È stata così esclusa la rilevanza, ai fini della scusabilità dell’errore, del “fatto negativo”, quale la mancata rilevazione, da parte degli organi di vigilanza e controllo, di irregolarità da sanare (Sez. 3, n. 42021 del 18/07/2014, Paris, Rv. 260657 – 01; Sez. 3, n. 11170 del 03/10/1984, Rv. 167115 – 01).

Per l’affermazione della scusabilità dell’ignoranza, occorre dunque che da un comportamento positivo degli organi amministrativi o da un complessivo pacifico orientamento giurisprudenziale, l’agente abbia tratto il convincimento della correttezza dell’interpretazione normativa e, conseguentemente, della liceità del comportamento tenuto (S.U., n.8154 del 10/06/1994 – dep. 18/07/1994, Rv.197885; Sez. 1, n. 47712 del 15/07/2015 – dep. 02/12/2015, Rv. 265424 – 01). Posto che nelle fattispecie contravvenzionali la buona fede può acquistare giuridica rilevanza solo a condizione che si traduca in mancanza di coscienza dell’illiceità del fatto e derivi da un elemento positivo estraneo all’agente, consistente in una circostanza che induca alla convinzione della liceità del comportamento tenuto, la giurisprudenza di legittimità ha chiarito che la prova della sussistenza di tale elemento deve essere fornita dall’imputato, unitamente alla dimostrazione di avere compiuto tutto quanto poteva per osservare la norma violata (Sez. 4, n. 9165 del 05/02/2015 – Felli, dep. 02/03/2015, Rv. 262443 – 01).
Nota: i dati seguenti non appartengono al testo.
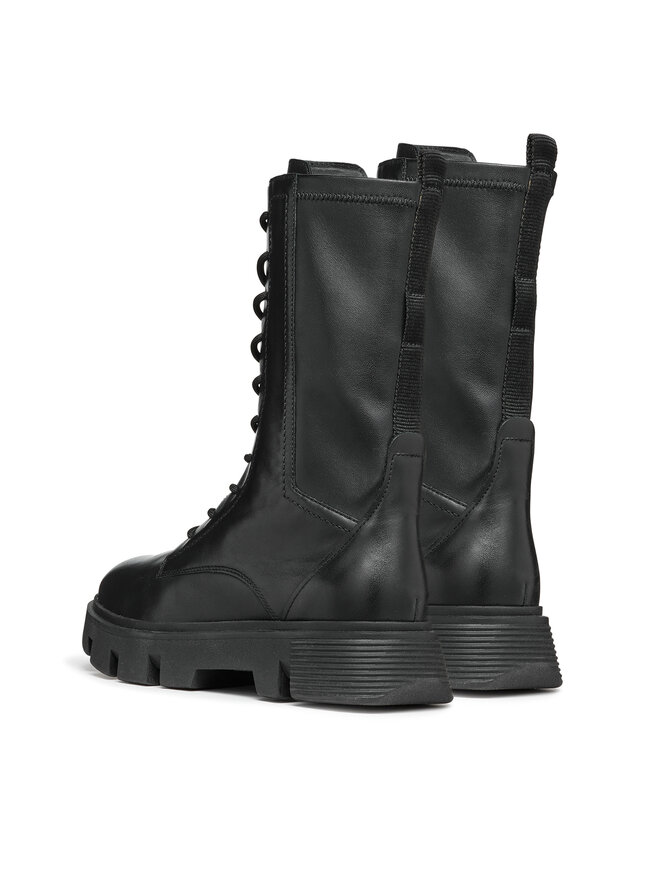 Geox Bakancs Geox D Vilde D26UAH 043KB C9997 Fekete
Orbene, alla luce degli insegnamenti giurisprudenziali poc’anzi richiamati deve ritenersi non sufficiente, ai fini dell’esclusione dell’elemento soggettivo, appellarsi ad un mero interessato suggerimento di un soggetto privato privo di ogni autorevolezza sul punto, per giunta non pertinente rispetto al tipo di opera realizzata e altresì comprensivo di un chiarimento quale la necessaria natura oggettiva della “precarietà” dell’opera, in grado di confermare la rilevanza penale del manufatto.

6 Sulla base delle considerazioni che precedono, la Corte ritiene pertanto che il ricorso sia fondato e la sentenza debba essere annullata con rinvio al tribunale di Bergamo in altra composizione fisica.